# Keeping Pants Up



## clothingconnoisseur (Oct 9, 2005)

I don't know why but I seem to have a very hard time keeping my pants up. It is easy when I wear a suit - I just wear braces and that solves the problem. 

However, when I wear a belt it always seems that my pants are falling down and my shirt coming out. I am overweight but my pants are the right size - 42 and close comfortably so I don't think that is it. Also, I have had this problem as long as I can remember - even in the good old days of having a 36 waist.

Unfortunately, I can't wear braces with everything. They would look quite out of place with chinos and I think, with anything other than a suit or tuxedo. Does anyone know of a solution to this problem?


----------



## Canadian (Jan 17, 2008)

Find some comical braces. Wear them under a sweater vest, so only your intimates know about them. I have bright red braces and I wear them with everything from tails through to jeans.

I wear a 40 waist and find the best solution is to have many belts which allow for flexibility if you are intent on not wearing braces. You can find casual web belts at any workwear shop.

Tom


----------



## Flanderian (Apr 30, 2008)

clothingconnoisseur said:


> I don't know why but I seem to have a very hard time keeping my pants up. It is easy when I wear a suit - I just wear braces and that solves the problem.
> 
> However, when I wear a belt it always seems that my pants are falling down and my shirt coming out. I am overweight but my pants are the right size - 42 and close comfortably so I don't think that is it.

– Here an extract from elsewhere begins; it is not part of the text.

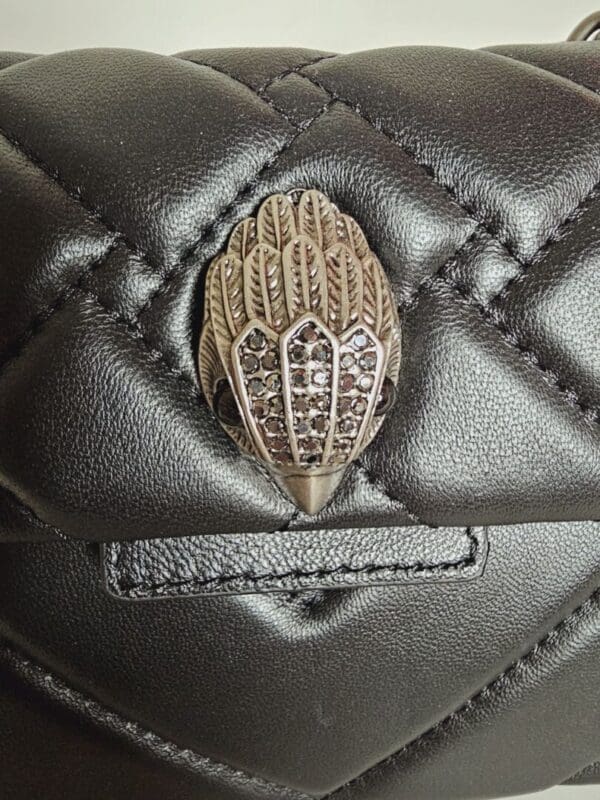 A close up of the leather material on a purse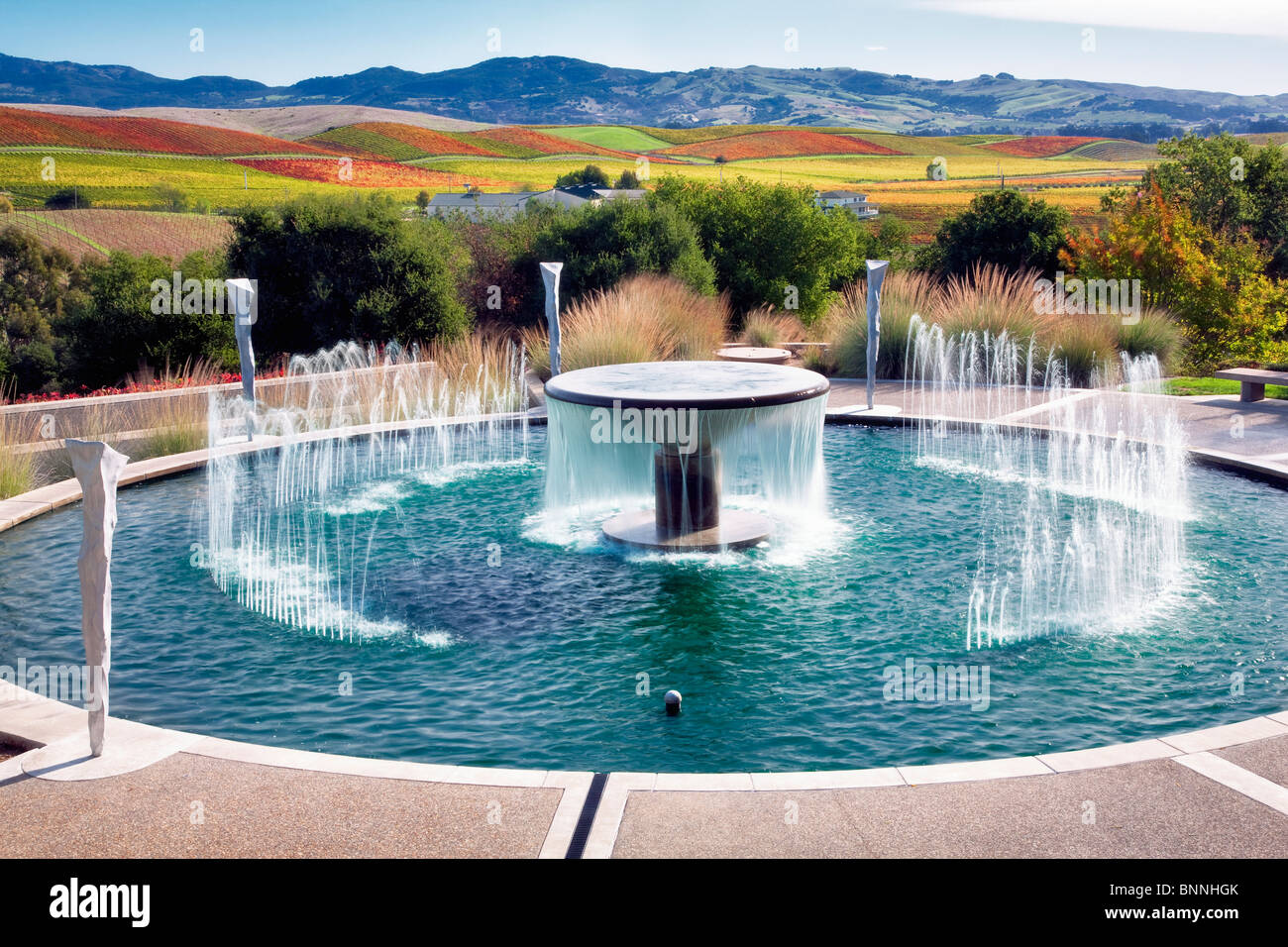 Fountain at Artesia Winery with fall colored vineyards. Napa Valley, California. Stock Photo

Also, I have had this problem as long as I can remember - even in the good old days of having a 36 waist.
> 
> Unfortunately, I can't wear braces with everything. They would look quite out of place with chinos and I think, with anything other than a suit or tuxedo. Does anyone know of a solution to this problem?


Everyone has this issue to some degree, and we Gentlemen of Girth, to a greater one. Which would be easier to cinch, a potato or a dumbbell? Well, we sir, are no dumbbells! (Ya just gotta keep pullin' up . . . . sigh!)


----------



## Sober (Jul 31, 2012)

I have exactly the same problem. I also find braces very convenient when wearing a suit, in particular if I know I won't be taking my jacket off. Braces are also perfect (I'd even say mandatory) for three piece suits and of course dinner jackets. In less formal attire, I only dare to use braces (this time, the crocodile style ones are ok) under a sweater vest, as Canadian suggests. Otherwise, I think the only solution would be to get trousers with adjusters o Daks tops (see for instance the link below), but you won't get then in very informal trousers. I share your pain....
https://thesuitsofjamesbond.com/?tag=trousers
*


----------



## Oldsarge (Feb 20, 2011)

MTM or bespoke trousers can be purchased with a sticky, rubbery band around the inside of the waistband. I don't know anyone who makes casual trousers that way, darn it.


----------



## arkirshner (May 10, 2005)

Oldsarge said:


> MTM or bespoke trousers can be purchased with a sticky, rubbery band around the inside of the waistband. I don't know anyone who makes casual trousers that way, darn it.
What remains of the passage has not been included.